For the entries that appear below, write out the exact text and omit the pictures.

[Stored data]
* * * * * * * * *

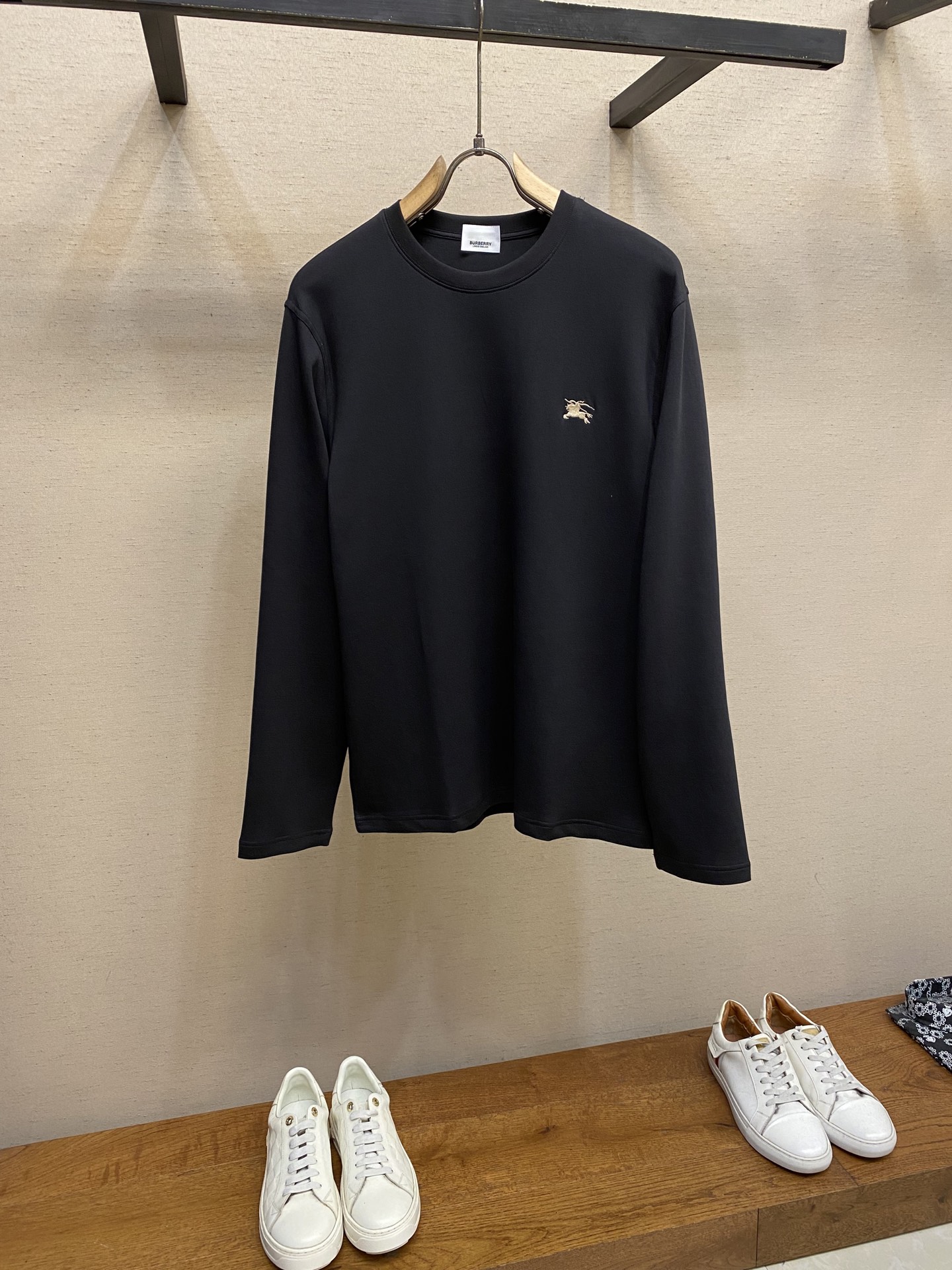 NO:623989,BBR's unisex round neck long-sleeved T-shirt can be worn outside in autumn and as a base layer in winter. It can be worn all year round. Super cost-effective. Feel free to compare. The fabric is made of original custom-made pure long-staple cotton. It feels super comfortable when pressed against the skin. It is very heavy and textured. It is natural and casual and can show the wearer's fashion personality. The loose and slightly wide T-shirt is cut. The same style is suitable for men and women. It can be matched with any style of daily wear!  Size S-2xl Color Black, White S Length 66 Bust 98 Shoulder Width 43 M Length 68 Bust 102 Shoulder Width 44 L Length 70 Bust 106 Shoulder Width 4519860909BBR 男女同款圆领长袖T恤 秋天可外穿 冬天可打底 一年四季可穿 超高性价比 随意对比 面料采用原版订制纯棉长绒棉 压肤感觉超舒服,非常重磅且有质感 自然随性的可以展现出着装者的时尚个性,宽松微阔T恤版型剪裁,男女同款出彩搭配,可任凭日常穿搭风格凹出时尚造型！ 尺码S-2xl 颜色黑色,白色 S衣长66胸围98肩宽 43 M衣长68胸围102肩宽 44 L衣长70胸围106肩宽 45 XL衣长72胸围110肩宽46 2XL:衣长73胸围116肩宽47,,tees，t-shirt,alexander wang,Men's clothing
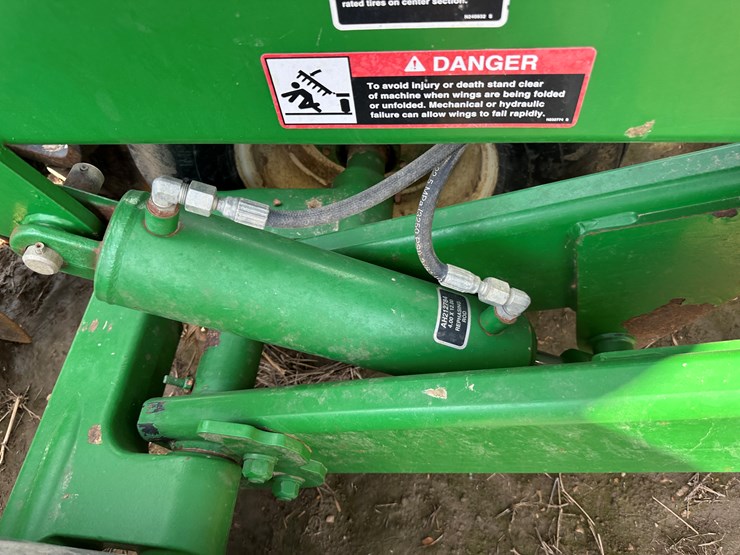 john-deere-2623-image-14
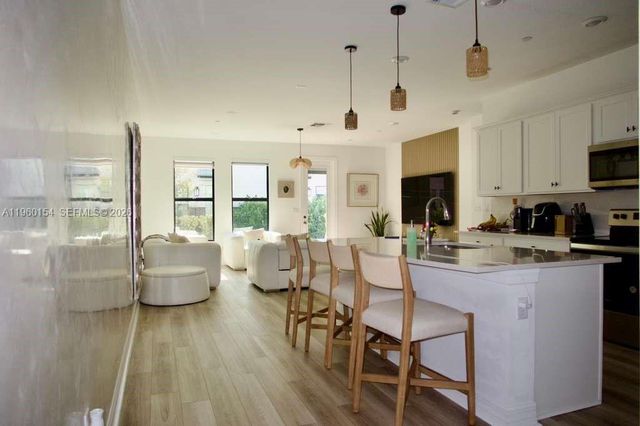 8352 NW 7th Pl, Plantation, FL 33324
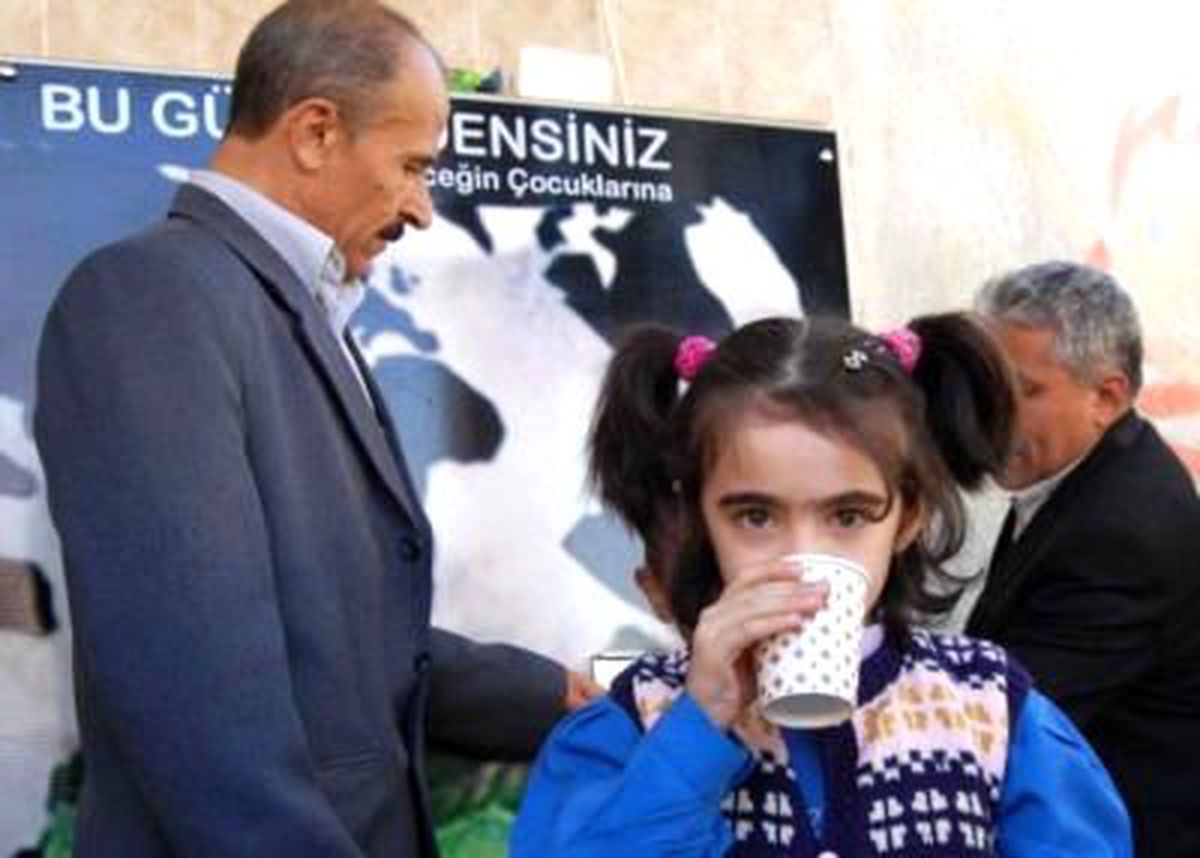 Minikleri Sevindiren Proje Simav\'dan Başladı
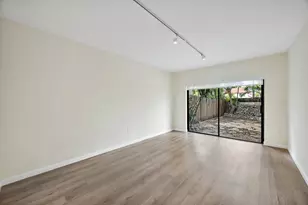 19986 NE 5th Ct, Miami, FL 33179 - Photo 18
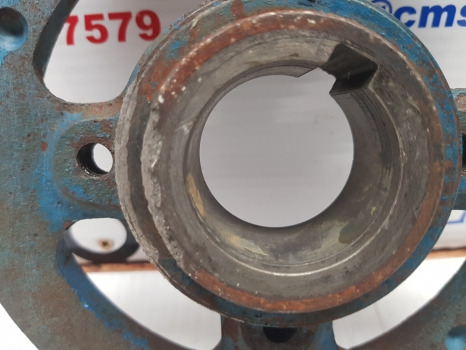 Ford 3000, 4000, 5000, 2110, 2310 Crankshaft Pulley D5nn6a312a ,83903583 - Rihmapinguti - Traktor: pilt 4 Ford 3000, 4000, 5000, 2110, 2310 Crankshaft Pulley D5nn6a312a ,83903583 - Rihmapinguti - Traktor: pilt 4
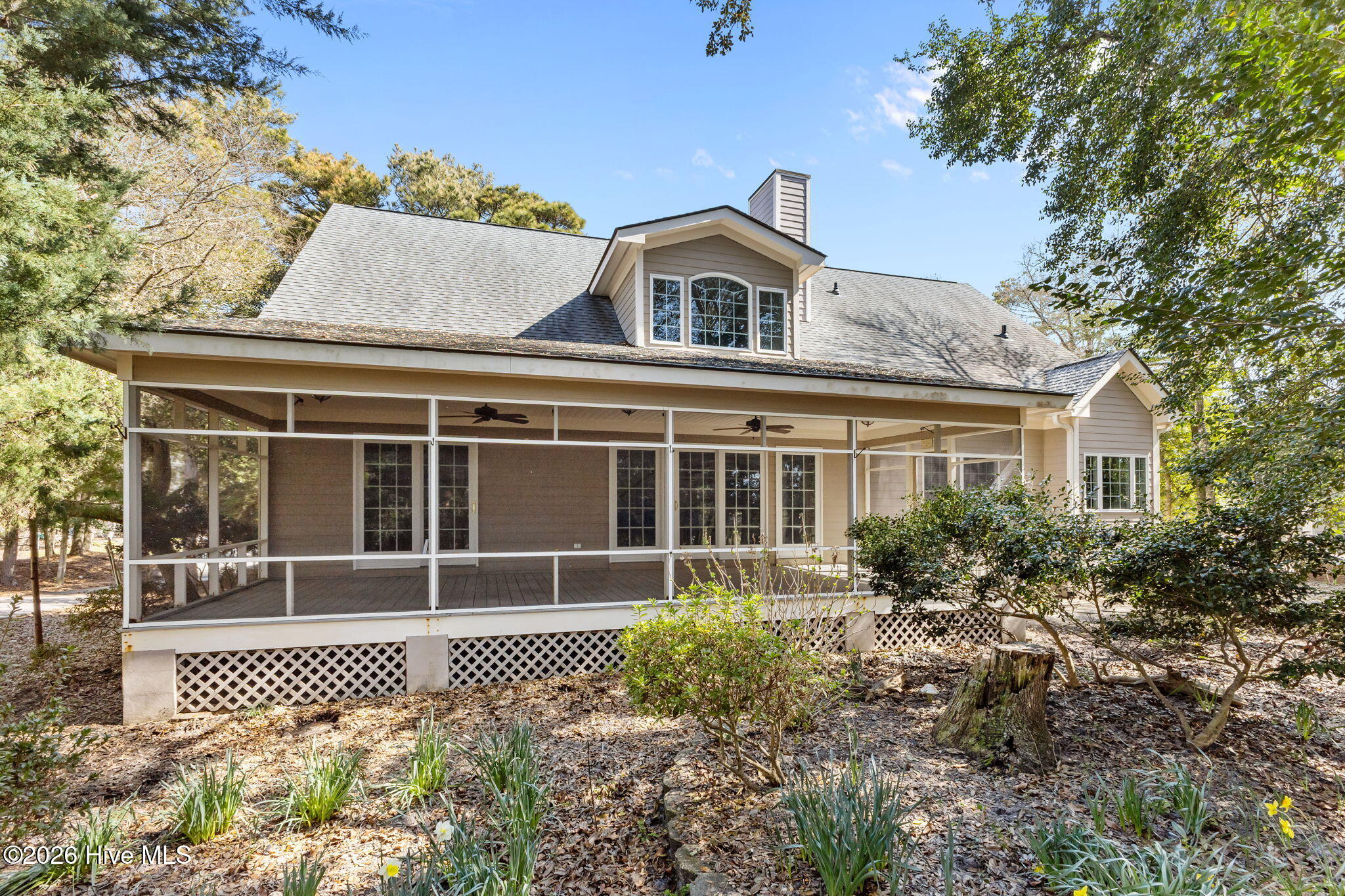 Homes for sale in Pine Knoll Shores, NC | 121 Oakleaf Dr, Pine Knoll Shores, NC 28512 | MLS# 100559767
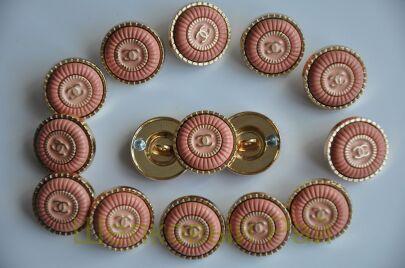 Пуговицы Chanel 18 мм кораллового цвета (д-1426)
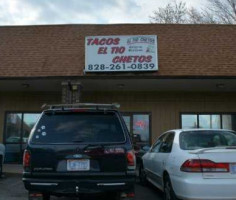 Tacos El Tio Chetos outside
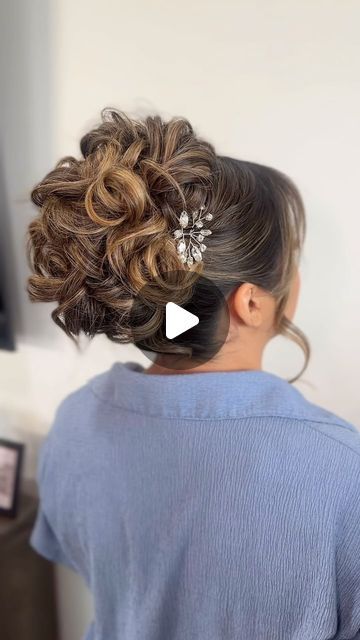 Wedding Hair Up Videos, Hair Up With Fascinator, Updos Tutorials Videos, Wedding Updos For Medium Hair Tutorial Videos, Hair Padding, Bridal Hair Bun Tutorial Videos, Bridal Updo Tutorial Videos, Face Framing Pieces, Bridesmaids Hairstyle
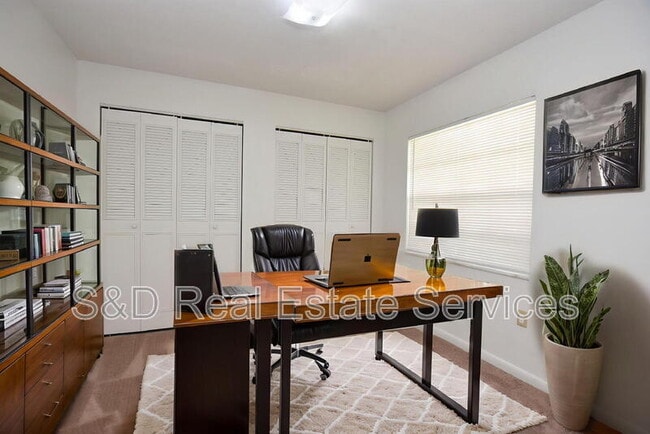 Building Photo - 4745 Dimbath Dr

* * * * * * * * *

**Response for this exercise:**
 NO:623989,BBR's unisex round neck long-sleeved T-shirt can be worn outside in autumn and as a base layer in winter. It can be worn all year round. Super cost-effective. Feel free to compare. The fabric is made of original custom-made pure long-staple cotton. It feels super comfortable when pressed against the skin. It is very heavy and textured. It is natural and casual and can show the wearer's fashion personality. The loose and slightly wide T-shirt is cut. The same style is suitable for men and women. It can be matched with any style of daily wear!  Size S-2xl Color Black, White S Length 66 Bust 98 Shoulder Width 43 M Length 68 Bust 102 Shoulder Width 44 L Length 70 Bust 106 Shoulder Width 4519860909BBR 男女同款圆领长袖T恤 秋天可外穿 冬天可打底 一年四季可穿 超高性价比 随意对比 面料采用原版订制纯棉长绒棉 压肤感觉超舒服,非常重磅且有质感 自然随性的可以展现出着装者的时尚个性,宽松微阔T恤版型剪裁,男女同款出彩搭配,可任凭日常穿搭风格凹出时尚造型！ 尺码S-2xl 颜色黑色,白色 S衣长66胸围98肩宽 43 M衣长68胸围102肩宽 44 L衣长70胸围106肩宽 45 XL衣长72胸围110肩宽46 2XL:衣长73胸围116肩宽47,,tees，t-shirt,alexander wang,Men's clothing
 john-deere-2623-image-14
 8352 NW 7th Pl, Plantation, FL 33324
 Minikleri Sevindiren Proje Simav\'dan Başladı
 19986 NE 5th Ct, Miami, FL 33179 - Photo 18
 Ford 3000, 4000, 5000, 2110, 2310 Crankshaft Pulley D5nn6a312a ,83903583 - Rihmapinguti - Traktor: pilt 4 Ford 3000, 4000, 5000, 2110, 2310 Crankshaft Pulley D5nn6a312a ,83903583 - Rihmapinguti - Traktor: pilt 4
 Homes for sale in Pine Knoll Shores, NC | 121 Oakleaf Dr, Pine Knoll Shores, NC 28512 | MLS# 100559767
 Пуговицы Chanel 18 мм кораллового цвета (д-1426)
 Tacos El Tio Chetos outside
 Wedding Hair Up Videos, Hair Up With Fascinator, Updos Tutorials Videos, Wedding Updos For Medium Hair Tutorial Videos, Hair Padding, Bridal Hair Bun Tutorial Videos, Bridal Updo Tutorial Videos, Face Framing Pieces, Bridesmaids Hairstyle
 Building Photo - 4745 Dimbath Dr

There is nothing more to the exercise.